Renegotiation of the North American Free Trade Agreement could begin in mid-August.
U.S. Trade Representative Robert Lighthizer informed Congress on May 18 of President Donald Trump’s intent to initiate negotiations with Canada and Mexico “as soon as practicable,” but no earlier than Aug. 16, according to a news release.
The formal notification starts a 90-day period that must expire before trade deals can be altered.
United Fresh Produce Association issued a statement emphasizing the importance of trade to the produce industry and noted it looks forward to working with the relevant parties to identify ways NAFTA can be updated to better serve the industry.
“Trade across the NAFTA countries serves both consumers and deeply connected supply chains, providing significant jobs not only in agriculture but in processing and distribution,” Robert Guenther, senior vice president of public policy for United Fresh, said in the statement. “The past 25 years of NAFTA has seen important growth in the fruit and vegetable industry to meet consumer demand. However, there are certainly specific challenges within fresh produce that NAFTA modernization can aggressively address, so we are pleased that this opportunity has been realized by the Administration.”

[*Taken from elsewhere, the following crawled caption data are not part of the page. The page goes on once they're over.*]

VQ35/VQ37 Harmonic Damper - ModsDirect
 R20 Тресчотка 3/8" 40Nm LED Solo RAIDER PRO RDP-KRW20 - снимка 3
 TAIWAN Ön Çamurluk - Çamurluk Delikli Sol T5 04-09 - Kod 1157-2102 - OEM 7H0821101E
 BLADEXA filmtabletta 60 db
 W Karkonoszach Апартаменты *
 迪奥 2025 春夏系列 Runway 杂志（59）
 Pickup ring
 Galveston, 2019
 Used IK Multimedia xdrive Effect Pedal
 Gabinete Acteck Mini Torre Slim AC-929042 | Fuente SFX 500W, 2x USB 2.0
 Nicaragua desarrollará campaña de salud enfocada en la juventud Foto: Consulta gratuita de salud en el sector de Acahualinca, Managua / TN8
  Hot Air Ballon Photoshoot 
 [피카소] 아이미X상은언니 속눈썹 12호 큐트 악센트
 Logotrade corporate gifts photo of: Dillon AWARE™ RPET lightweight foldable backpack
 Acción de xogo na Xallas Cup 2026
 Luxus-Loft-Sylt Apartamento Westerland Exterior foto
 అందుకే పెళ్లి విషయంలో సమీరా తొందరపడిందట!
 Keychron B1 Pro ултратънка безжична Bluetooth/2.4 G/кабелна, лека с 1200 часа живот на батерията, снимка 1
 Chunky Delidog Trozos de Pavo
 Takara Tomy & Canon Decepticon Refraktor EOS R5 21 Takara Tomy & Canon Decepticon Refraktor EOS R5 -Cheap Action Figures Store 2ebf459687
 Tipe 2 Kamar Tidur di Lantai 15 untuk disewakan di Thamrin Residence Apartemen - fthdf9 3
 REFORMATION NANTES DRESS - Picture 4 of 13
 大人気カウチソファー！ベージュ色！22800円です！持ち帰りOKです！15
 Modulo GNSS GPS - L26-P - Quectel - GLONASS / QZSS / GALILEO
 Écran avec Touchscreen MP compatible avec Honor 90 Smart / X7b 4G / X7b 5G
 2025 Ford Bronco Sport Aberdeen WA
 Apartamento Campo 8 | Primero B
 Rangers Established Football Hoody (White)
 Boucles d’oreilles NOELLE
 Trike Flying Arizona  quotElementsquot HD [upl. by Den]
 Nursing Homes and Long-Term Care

“Since January, United Fresh has been in constant dialogue with Congress, the Administration and other interested stakeholders to convey that the fruit and vegetable industry needs trade agreements that facilitate trade, rather than erecting barriers that protect specific interests,” Guenther said. “This includes pursuit of trade agreements that eliminate unfair, discriminatory and non-science-based regulatory barriers that disadvantage the industry both here in North America and throughout the globe. United Fresh will work to ensure that changes to NAFTA reflect those principles.”
Lighthizer said in his letter to Congress that many parts of the trade agreement are outdated and that the U.S. aims to support higher-paying jobs domestically and to grow the domestic economy by improving trade opportunities with Canada and Mexico.
“NAFTA was negotiated 25 years ago, and while our economy and businesses have changed considerably over that period, NAFTA has not,” Lighthizer said in the letter. “Our aim is that NAFTA be modernized to include new provisions to address intellectual property rights, regulatory practices, state-owned enterprises, services, customs procedures, sanitary and phytosanitary measures, labor, environment, and small and medium enterprises.”
Since Feb. 2 the administration has consulted with members of the Senate Committee on Finance, the House Committee on Ways and Means, the House Advisory Group on Negotiations, the Senate Advisory Group on Negotiations, trade advisory committees and others on the topic of NAFTA renegotiation, according to the letter.
“We are committed to concluding these negotiations with timely and substantive results for U.S. consumers, businesses, farmers, ranchers, and workers, consistent with U.S. priorities and the negotiating objectives established by the Congress in statute,” Lighthizer said in the letter.
A notice will be published in the federal register requesting public input on the content of the negotiations, according to the release.